Records from a dataset:
▼▼▼
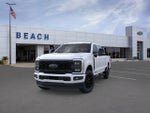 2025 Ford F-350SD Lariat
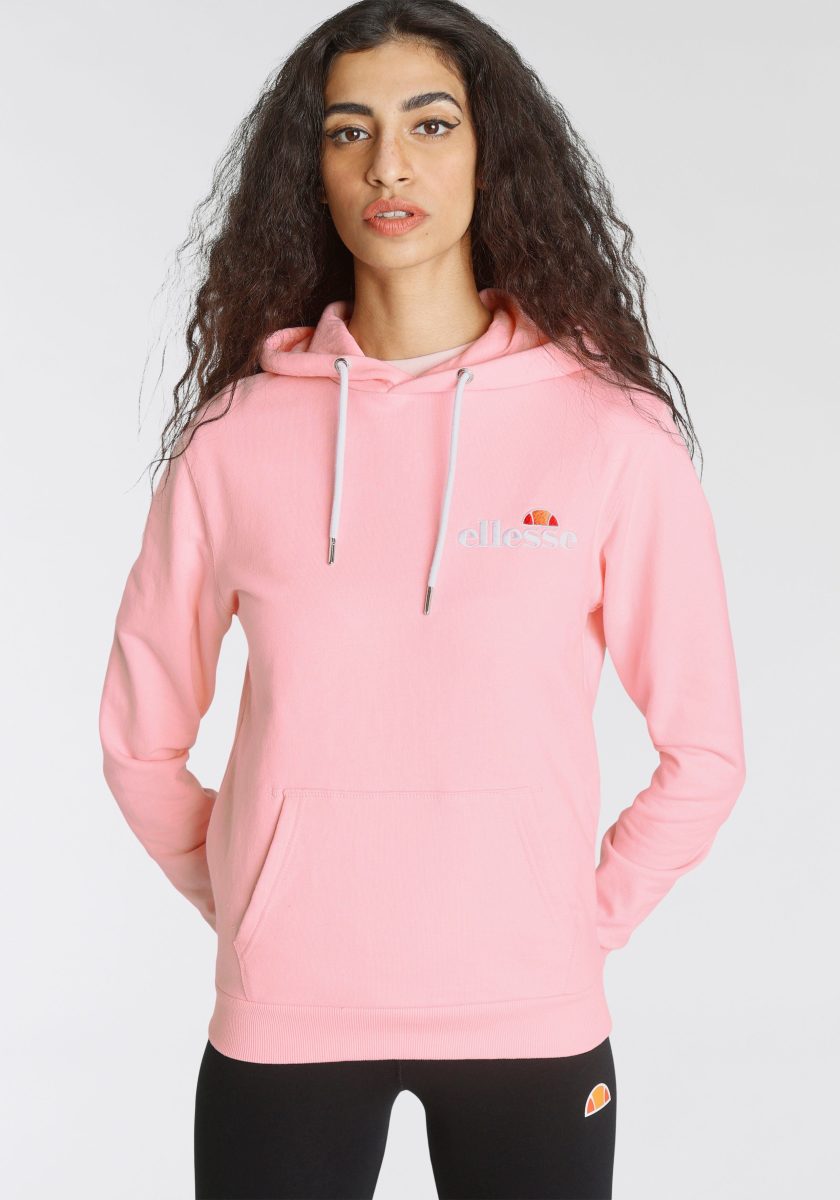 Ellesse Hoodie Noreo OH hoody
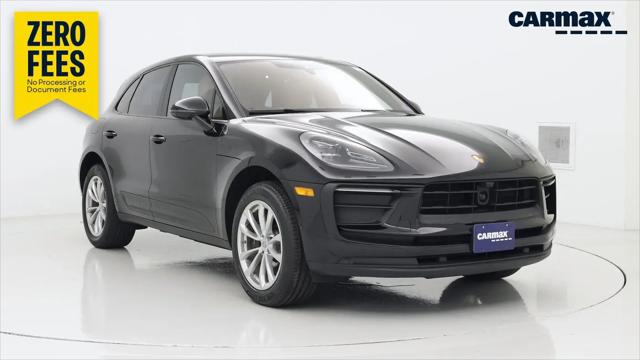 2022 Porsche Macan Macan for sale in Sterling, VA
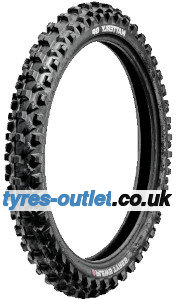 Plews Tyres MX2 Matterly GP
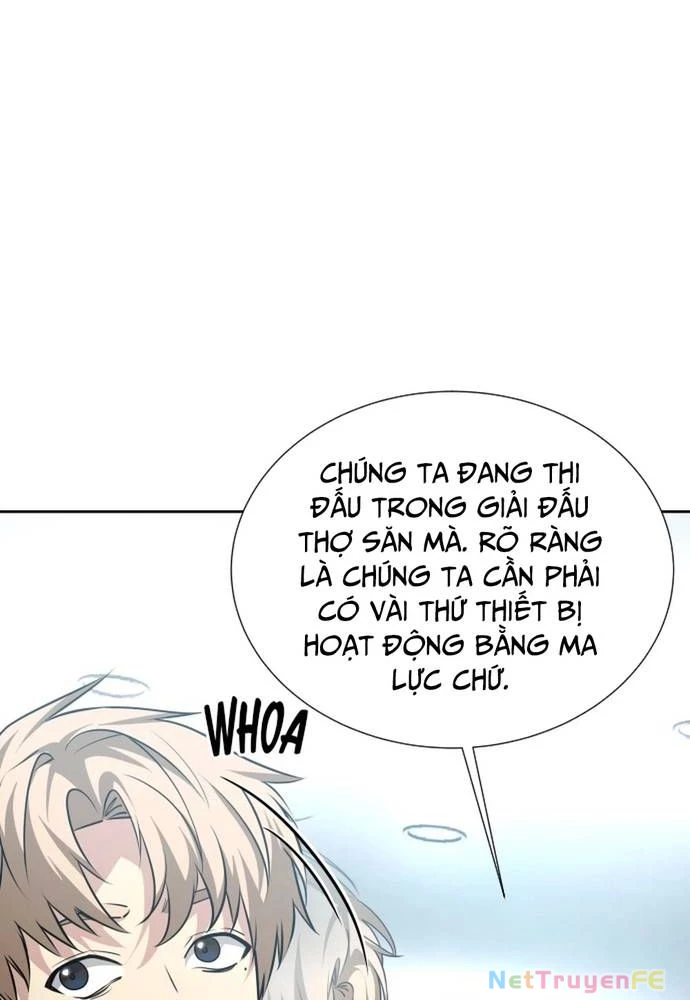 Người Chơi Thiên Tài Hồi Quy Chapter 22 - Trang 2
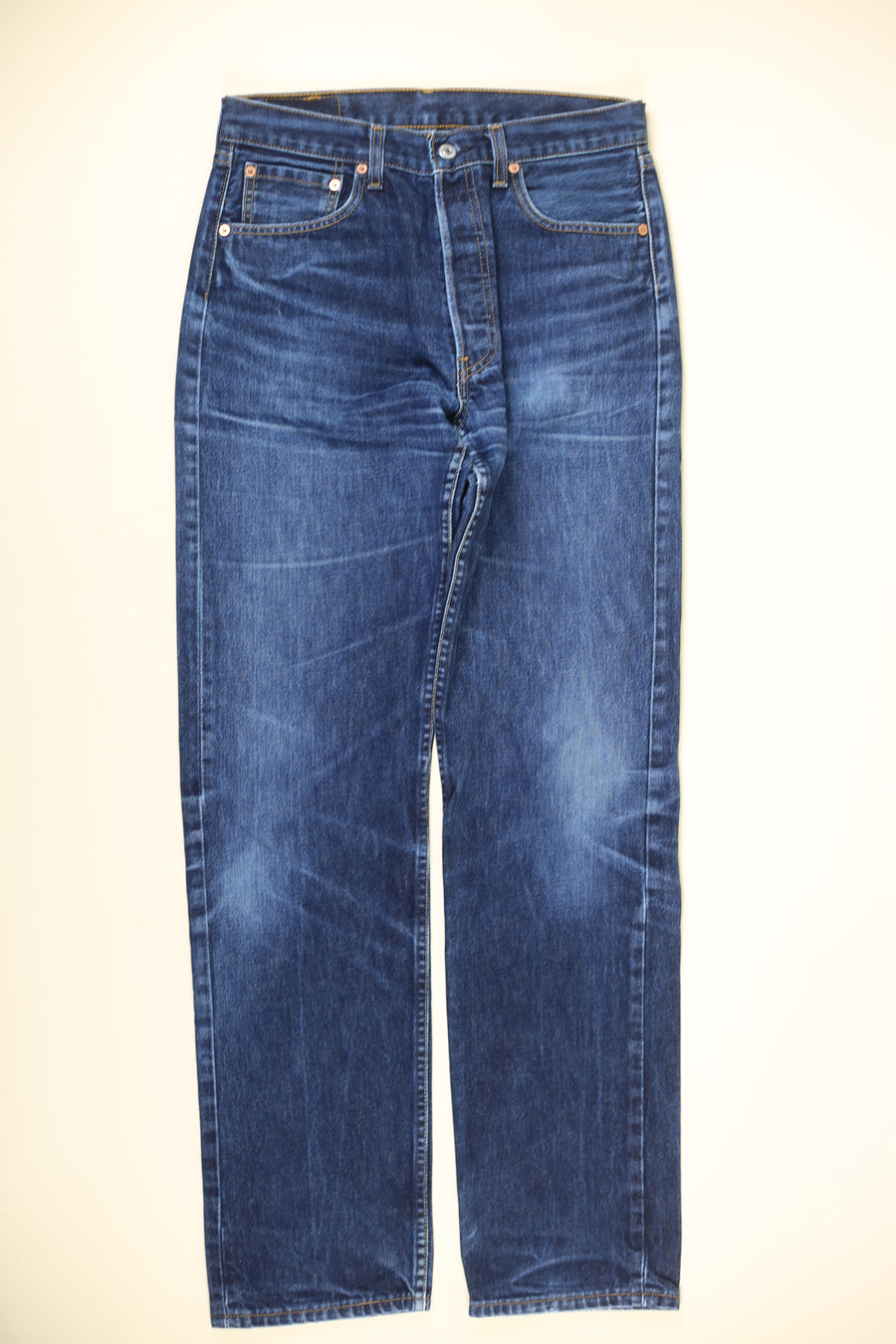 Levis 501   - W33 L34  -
▲▲▲
Your goal → Give an exact copy of the line containing "Người Chơi Thiên" and every line after it through the end of the entries. Pictures are to be dropped.

Solution to this task →
 Người Chơi Thiên Tài Hồi Quy Chapter 22 - Trang 2
 Levis 501   - W33 L34  -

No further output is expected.